Published online by Cambridge University Press: 05 October 2022
This essay comments on the “new cultural history” of Mexico and the debate recently conducted between critics and protagonists of the genre in the Hispanic American Historical Review. After a scene-setting preamble, the essay consists of three substantive parts. First, in considering what the new cultural history is and what degree of novelty it might claim, the essay identifies and critiques seven features of the genre: its concern for subalterns, agency, political engagement, the reinsertion of politics, mentalities, texts, and interdisciplinary influences. Second, the essay addresses the style and semantics of the new cultural history, in particular its penchant for buzzwords and jargon. Third, the article turns to the major critic of the genre, Stephen Haber, and considers his preferred alternative (so-called scientific history). The essay argues that while Haber's critique is often persuasive, it is also in places misconceived, perhaps exaggerated, and tending toward a narrow positivism.

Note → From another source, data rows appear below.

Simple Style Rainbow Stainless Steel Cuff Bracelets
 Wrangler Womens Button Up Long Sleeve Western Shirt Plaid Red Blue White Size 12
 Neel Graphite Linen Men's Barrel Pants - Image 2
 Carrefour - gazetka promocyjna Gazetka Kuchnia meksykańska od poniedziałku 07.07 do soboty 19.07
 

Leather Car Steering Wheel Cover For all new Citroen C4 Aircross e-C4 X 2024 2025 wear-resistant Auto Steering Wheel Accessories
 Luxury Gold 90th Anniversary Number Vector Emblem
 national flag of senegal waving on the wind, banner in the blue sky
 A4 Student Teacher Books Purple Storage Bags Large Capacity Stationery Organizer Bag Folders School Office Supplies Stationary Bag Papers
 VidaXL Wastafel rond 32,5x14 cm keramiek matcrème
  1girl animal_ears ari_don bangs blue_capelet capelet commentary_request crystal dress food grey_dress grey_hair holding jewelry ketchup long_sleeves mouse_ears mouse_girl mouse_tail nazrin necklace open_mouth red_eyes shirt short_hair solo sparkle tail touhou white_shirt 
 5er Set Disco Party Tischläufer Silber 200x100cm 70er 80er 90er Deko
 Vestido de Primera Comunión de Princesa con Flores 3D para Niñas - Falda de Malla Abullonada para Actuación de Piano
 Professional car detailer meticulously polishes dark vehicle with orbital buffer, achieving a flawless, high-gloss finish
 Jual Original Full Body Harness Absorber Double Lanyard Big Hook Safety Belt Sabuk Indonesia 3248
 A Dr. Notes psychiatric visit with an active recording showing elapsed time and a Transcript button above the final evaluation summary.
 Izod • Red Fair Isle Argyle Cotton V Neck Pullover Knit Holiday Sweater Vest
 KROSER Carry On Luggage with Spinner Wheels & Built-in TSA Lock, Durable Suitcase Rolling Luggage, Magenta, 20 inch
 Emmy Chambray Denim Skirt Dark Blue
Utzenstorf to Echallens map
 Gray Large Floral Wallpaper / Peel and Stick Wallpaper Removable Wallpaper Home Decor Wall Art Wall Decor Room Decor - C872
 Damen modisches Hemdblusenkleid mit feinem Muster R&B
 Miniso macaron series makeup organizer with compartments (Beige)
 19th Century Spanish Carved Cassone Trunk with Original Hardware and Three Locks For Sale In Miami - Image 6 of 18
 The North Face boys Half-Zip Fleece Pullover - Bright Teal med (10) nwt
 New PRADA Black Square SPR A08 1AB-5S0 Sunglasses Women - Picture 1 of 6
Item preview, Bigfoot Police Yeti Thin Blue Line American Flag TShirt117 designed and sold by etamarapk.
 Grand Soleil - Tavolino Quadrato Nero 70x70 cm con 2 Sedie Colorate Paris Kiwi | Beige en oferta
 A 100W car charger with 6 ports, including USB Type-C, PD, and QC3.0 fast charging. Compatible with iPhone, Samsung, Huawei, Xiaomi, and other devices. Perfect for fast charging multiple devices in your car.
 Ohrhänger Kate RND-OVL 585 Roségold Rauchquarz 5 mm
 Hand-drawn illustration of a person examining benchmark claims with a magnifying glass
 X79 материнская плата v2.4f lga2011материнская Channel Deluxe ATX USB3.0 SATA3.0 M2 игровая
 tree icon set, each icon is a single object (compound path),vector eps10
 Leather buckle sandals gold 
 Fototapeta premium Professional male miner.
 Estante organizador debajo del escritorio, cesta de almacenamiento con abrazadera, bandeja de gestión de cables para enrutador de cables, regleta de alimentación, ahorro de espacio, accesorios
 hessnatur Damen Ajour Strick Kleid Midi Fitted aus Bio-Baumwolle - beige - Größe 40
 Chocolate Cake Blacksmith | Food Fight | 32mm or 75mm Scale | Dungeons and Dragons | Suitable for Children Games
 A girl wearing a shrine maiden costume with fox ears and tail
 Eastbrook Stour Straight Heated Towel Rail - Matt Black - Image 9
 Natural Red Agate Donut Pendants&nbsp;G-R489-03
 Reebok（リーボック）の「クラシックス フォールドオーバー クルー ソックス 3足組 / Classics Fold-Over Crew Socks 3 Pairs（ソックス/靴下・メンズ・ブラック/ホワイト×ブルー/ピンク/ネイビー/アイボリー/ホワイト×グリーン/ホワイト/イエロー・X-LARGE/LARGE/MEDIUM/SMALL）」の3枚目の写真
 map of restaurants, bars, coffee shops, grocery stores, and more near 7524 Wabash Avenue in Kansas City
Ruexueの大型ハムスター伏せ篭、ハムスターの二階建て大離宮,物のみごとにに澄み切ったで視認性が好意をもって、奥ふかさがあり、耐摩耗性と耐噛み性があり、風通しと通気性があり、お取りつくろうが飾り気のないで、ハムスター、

Historiography, the essay unoriginally concludes, need not be falsely polarized between narrow positivism and fashionable postmodernism.
This essay was written in response to a request for reflections on current Latin American historiography, which formed part of a cross-disciplinary panel organized by Ruth Berins Collier at the Latin American Studies Association Congress in Miami, 16–18 March 2000. I mention this origin in part to “contextualize” the essay, in part to explain its motivation, which has nothing to do with personal likes and dislikes.